Gods and Robbers: Robin Hood

Undoubtedly the most globally famous of Britain and Ireland’s legendary bandits is the much vaunted Robin Hood of Sherwood Forest. His popularity has much to do with his wide-ranging status as a champion of the disenfranchised, freedom-fighter against oppressors, self-sufficient inhabitant of the marginal wilds, egalitarian redistributor of wealth and adventurer whose legend resonates with a timeless, placeless audience. Of all the mythological outlaws of note, his has most often been linked to the euhemerisation of the land’s oral traditions of older pagan gods, trampled under the march of quill and parchment from the early middle ages. As most people know a few stories about him, in this post I am going to refrain from discussing plots which have little relevance to the underlying meaning.

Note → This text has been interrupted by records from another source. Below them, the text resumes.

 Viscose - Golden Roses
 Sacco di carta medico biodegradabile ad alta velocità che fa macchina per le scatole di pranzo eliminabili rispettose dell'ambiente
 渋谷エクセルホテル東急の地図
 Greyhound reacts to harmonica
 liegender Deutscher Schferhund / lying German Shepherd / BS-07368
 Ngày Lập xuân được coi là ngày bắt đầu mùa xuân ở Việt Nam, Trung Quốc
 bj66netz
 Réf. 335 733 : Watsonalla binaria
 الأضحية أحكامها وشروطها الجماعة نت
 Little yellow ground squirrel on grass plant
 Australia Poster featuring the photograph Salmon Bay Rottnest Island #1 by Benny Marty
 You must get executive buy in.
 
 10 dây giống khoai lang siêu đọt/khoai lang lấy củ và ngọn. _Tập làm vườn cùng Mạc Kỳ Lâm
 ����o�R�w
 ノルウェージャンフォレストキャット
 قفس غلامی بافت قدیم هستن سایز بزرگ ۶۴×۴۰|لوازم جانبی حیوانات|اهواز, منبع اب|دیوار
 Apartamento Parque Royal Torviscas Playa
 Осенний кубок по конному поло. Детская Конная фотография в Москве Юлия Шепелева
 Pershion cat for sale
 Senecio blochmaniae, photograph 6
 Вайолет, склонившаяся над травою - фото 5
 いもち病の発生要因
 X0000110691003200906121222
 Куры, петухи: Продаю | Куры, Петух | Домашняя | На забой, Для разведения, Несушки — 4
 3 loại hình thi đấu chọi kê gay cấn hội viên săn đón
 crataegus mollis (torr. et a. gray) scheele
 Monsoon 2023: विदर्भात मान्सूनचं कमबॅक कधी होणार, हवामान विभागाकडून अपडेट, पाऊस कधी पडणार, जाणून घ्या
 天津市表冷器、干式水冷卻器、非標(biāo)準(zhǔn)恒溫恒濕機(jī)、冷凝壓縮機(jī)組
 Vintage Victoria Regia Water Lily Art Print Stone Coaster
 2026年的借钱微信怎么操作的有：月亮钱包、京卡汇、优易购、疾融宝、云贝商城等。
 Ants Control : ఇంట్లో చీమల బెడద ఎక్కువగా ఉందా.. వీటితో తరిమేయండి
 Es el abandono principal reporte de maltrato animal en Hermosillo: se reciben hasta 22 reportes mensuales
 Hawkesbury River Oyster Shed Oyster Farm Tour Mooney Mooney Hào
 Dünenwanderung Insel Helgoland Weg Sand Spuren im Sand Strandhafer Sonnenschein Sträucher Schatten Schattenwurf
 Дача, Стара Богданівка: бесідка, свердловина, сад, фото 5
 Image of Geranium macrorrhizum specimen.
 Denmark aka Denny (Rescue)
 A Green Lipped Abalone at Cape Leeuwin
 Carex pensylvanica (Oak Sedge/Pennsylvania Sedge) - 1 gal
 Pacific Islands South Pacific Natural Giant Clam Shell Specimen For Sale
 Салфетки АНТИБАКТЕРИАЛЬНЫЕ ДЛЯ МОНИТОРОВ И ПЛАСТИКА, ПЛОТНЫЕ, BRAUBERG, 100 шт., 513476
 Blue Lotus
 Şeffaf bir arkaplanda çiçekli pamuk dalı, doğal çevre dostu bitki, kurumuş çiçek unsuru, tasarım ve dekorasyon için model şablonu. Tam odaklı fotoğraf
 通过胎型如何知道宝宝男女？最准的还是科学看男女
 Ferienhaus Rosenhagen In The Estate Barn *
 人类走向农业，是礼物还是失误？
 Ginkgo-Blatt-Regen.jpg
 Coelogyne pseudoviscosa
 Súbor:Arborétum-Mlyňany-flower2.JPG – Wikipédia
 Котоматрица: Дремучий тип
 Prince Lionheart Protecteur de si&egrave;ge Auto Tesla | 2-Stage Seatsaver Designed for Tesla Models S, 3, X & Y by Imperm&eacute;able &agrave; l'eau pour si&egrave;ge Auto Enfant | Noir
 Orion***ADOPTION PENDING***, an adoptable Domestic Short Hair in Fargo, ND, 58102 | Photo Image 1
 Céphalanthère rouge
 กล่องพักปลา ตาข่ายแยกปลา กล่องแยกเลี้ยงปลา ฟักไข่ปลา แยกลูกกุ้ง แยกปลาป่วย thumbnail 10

In truth, evidence about the origins of the myth of ‘Robin Hood’ is somewhat sketchy, and this in itself is complicated by the apparent transformations of the tale in art, song, story and dramatic performance right down to the most modern times. The story seems always to have suited various contemporary propagandistic political and revisionist narratives which have retold it in order to magnify their own contemporary causes through appropriation of the story. More recently, for instance, it has been used to serve both cold-war communist and multiculturalist dogmas. However, the underlying narrative is one of the establishment of justice and economic stability, essentially crystalized in the following framework-myth:

A outlaw man with claims to leadership of the common people (i.e. – national husbandry) is expelled from his community when it comes under the yoke of a wrongful order which is unjust and economically unfair. He goes to live in the wilds where he learns skills that allow him both to survive without recourse to common society and to become a master of his new kingdom – nature itself. The hero gradually makes increasingly bold forays against the invasive new order, and sweeps back into the social spotlight where he dazzles and tricks his way through the obstacles thrown in his path, eventually regaining his rightful position within his society as a trusted hero and leader.

What’s in a name?

The earliest versions of the myths preserved in (15thC) medieval ballads demonstrate Robin more as a commoner, omitting claims of royalty which have been suggested to have come as later additions made possible by the increasing social mobility engendered in phases following both the Black Death and subsequent peasants’ revolts, and then from the dissolution of the monasteries under Henry VIII and the redistribution of land following the fractions of the Protestant Reformation and various wars and revolutions this engendered. The oldest medieval tales often focus more on ‘Lytel Johne’ as the main protagonist, with ‘Robin’ often seeming a touch otherworldly, and therefore (from John’s frustrated perspective), somewhat erratic and untameable. The relationship seems somewhat akin to that between humans and the mythological ‘fairies’ known as ‘Robin Goodfellow’, ‘Brownie’, ‘Phynnodderee’ or ‘Hobthrust’ of folk legends. The name ‘Robin’ is derived from the Latin word for the sanguine colour (red) – ruber. ‘Robin’ is synonymous with the name ‘Robert’, which has a phonetic similarity to the English word ‘robber’, implying a thief and outlaw.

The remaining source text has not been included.